Manhattan District Attorney Alvin Bragg on Tuesday announced the indictment of a 24-year-old Texas man charged in New York State Supreme Court with selling firearms and parts to an undercover NYPD officer while incarcerated in federal prison.

Corpus Christi resident Hayden Espinosa is accused of using the messaging app Telegram on smuggled phones to sell illegal guns and gun parts from his prison cell inside the Federal Correctional Complex in Pollock, Louisiana. He was there serving a 33-month sentence for selling and possessing auto sears, which are considered machine guns under federal law, according to Bragg’s office.

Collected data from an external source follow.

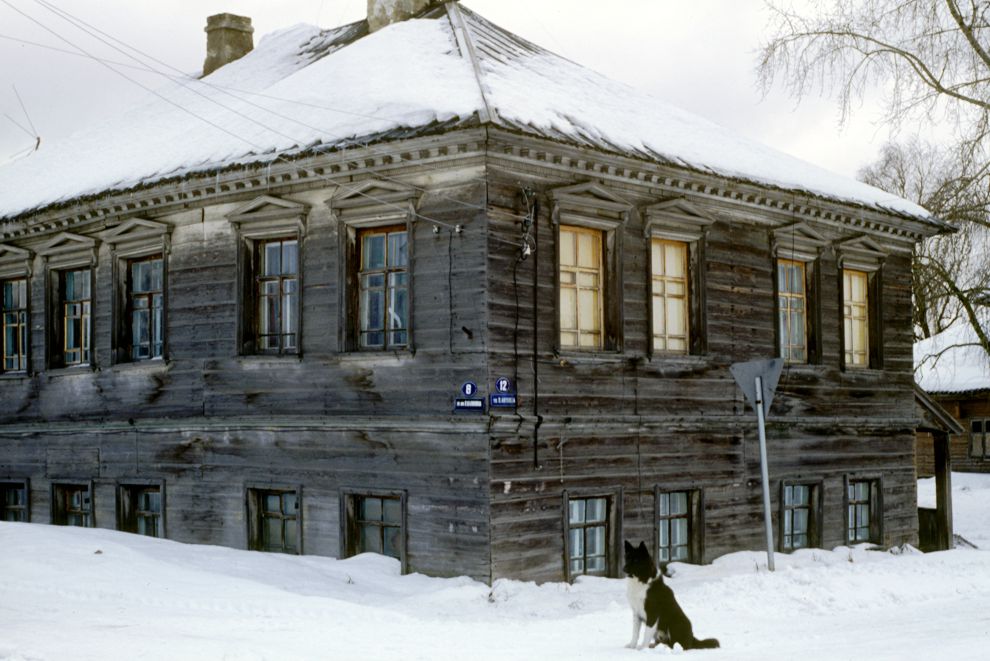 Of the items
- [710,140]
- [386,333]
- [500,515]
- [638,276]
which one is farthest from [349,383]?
[710,140]

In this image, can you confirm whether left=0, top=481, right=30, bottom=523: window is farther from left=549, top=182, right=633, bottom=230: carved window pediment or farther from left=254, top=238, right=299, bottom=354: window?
left=549, top=182, right=633, bottom=230: carved window pediment

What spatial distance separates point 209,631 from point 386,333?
5909 mm

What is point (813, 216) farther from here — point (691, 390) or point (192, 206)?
point (192, 206)

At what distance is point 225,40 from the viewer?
26078 millimetres

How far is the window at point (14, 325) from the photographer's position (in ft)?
72.6

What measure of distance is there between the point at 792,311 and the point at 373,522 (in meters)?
8.28

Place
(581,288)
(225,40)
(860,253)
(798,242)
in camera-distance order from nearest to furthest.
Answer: (581,288), (798,242), (860,253), (225,40)

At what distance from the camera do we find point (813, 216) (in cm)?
2044

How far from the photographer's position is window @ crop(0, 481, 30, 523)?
21842 mm

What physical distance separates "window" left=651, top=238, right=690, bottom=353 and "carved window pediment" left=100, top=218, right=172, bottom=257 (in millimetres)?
7586

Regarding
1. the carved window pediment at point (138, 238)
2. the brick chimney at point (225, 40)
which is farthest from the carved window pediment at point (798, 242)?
the brick chimney at point (225, 40)

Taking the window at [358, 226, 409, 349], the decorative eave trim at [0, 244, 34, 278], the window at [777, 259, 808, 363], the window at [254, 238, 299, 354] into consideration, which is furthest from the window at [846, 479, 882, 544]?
the decorative eave trim at [0, 244, 34, 278]

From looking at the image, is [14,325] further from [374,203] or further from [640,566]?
[640,566]

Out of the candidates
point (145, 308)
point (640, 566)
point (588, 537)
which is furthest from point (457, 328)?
point (145, 308) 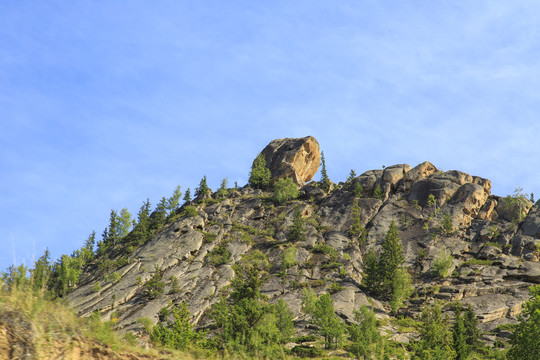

Bragg said Espinosa ran a channel that promoted racially motivated extremist views, including neo-Nazi and white supremacist ideologies, to attract gun buyers.

“We see this sad and tragic combination far too often of the intersection of gun violence and gun trafficking and hate and extremism,” Bragg said. “It is very, very disturbing.”

In a Telegram group named “3D Amendment,” Espinosa allegedly made or attempted to make three sales last year to an undercover NYPD officer who was monitoring the online space as part of a multiagency crackdown on hard-to-trace firearms known as ghost guns.

Prosecutors said Espinosa was released from his federal prison term on June 4 and was immediately arrested by the Grant Parish sheriff’s office on the New York state Supreme Court indictment. He is set to be extradited to New York later this month and arraigned on June 24, according to Bragg’s office.

Espinosa faces multiple charges, including four counts of transporting a firearm, machine gun, silencer and disguised gun, and one count of attempted criminal sale of a firearm.

Prosecutors said Espinosa does not have an attorney yet in the case.